• _Problem details_: The line containing "4th image of 8347 S Kingston Ave" marks the end: output every line of the data up to it, and that line too, exactly as written.

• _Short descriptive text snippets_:
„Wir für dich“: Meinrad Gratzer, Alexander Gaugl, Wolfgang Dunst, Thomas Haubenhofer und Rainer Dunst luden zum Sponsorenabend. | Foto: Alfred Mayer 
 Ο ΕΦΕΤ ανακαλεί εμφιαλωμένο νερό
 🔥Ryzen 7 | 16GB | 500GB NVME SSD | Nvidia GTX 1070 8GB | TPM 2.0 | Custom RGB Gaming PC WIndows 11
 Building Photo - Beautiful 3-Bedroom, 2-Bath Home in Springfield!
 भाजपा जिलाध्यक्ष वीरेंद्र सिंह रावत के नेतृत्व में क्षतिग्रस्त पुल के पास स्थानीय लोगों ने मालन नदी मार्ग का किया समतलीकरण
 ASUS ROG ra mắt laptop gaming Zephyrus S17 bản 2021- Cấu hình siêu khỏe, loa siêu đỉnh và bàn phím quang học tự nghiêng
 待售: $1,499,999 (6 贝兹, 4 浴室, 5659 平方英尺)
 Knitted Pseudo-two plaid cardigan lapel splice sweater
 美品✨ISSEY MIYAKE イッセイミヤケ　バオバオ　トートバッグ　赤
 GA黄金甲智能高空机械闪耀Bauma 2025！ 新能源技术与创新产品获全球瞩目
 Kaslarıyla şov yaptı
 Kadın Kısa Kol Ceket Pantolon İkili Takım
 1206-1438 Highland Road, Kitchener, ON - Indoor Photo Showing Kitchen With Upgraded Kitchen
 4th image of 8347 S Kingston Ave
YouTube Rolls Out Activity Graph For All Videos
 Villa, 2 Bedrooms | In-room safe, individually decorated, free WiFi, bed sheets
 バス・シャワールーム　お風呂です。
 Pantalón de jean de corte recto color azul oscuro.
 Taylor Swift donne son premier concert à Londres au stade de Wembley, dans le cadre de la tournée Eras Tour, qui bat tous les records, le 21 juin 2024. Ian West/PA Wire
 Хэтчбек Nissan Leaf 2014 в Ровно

• _Response below_:
„Wir für dich“: Meinrad Gratzer, Alexander Gaugl, Wolfgang Dunst, Thomas Haubenhofer und Rainer Dunst luden zum Sponsorenabend. | Foto: Alfred Mayer 
 Ο ΕΦΕΤ ανακαλεί εμφιαλωμένο νερό
 🔥Ryzen 7 | 16GB | 500GB NVME SSD | Nvidia GTX 1070 8GB | TPM 2.0 | Custom RGB Gaming PC WIndows 11
 Building Photo - Beautiful 3-Bedroom, 2-Bath Home in Springfield!
 भाजपा जिलाध्यक्ष वीरेंद्र सिंह रावत के नेतृत्व में क्षतिग्रस्त पुल के पास स्थानीय लोगों ने मालन नदी मार्ग का किया समतलीकरण
 ASUS ROG ra mắt laptop gaming Zephyrus S17 bản 2021- Cấu hình siêu khỏe, loa siêu đỉnh và bàn phím quang học tự nghiêng
 待售: $1,499,999 (6 贝兹, 4 浴室, 5659 平方英尺)
 Knitted Pseudo-two plaid cardigan lapel splice sweater
 美品✨ISSEY MIYAKE イッセイミヤケ　バオバオ　トートバッグ　赤
 GA黄金甲智能高空机械闪耀Bauma 2025！ 新能源技术与创新产品获全球瞩目
 Kaslarıyla şov yaptı
 Kadın Kısa Kol Ceket Pantolon İkili Takım
 1206-1438 Highland Road, Kitchener, ON - Indoor Photo Showing Kitchen With Upgraded Kitchen
 4th image of 8347 S Kingston Ave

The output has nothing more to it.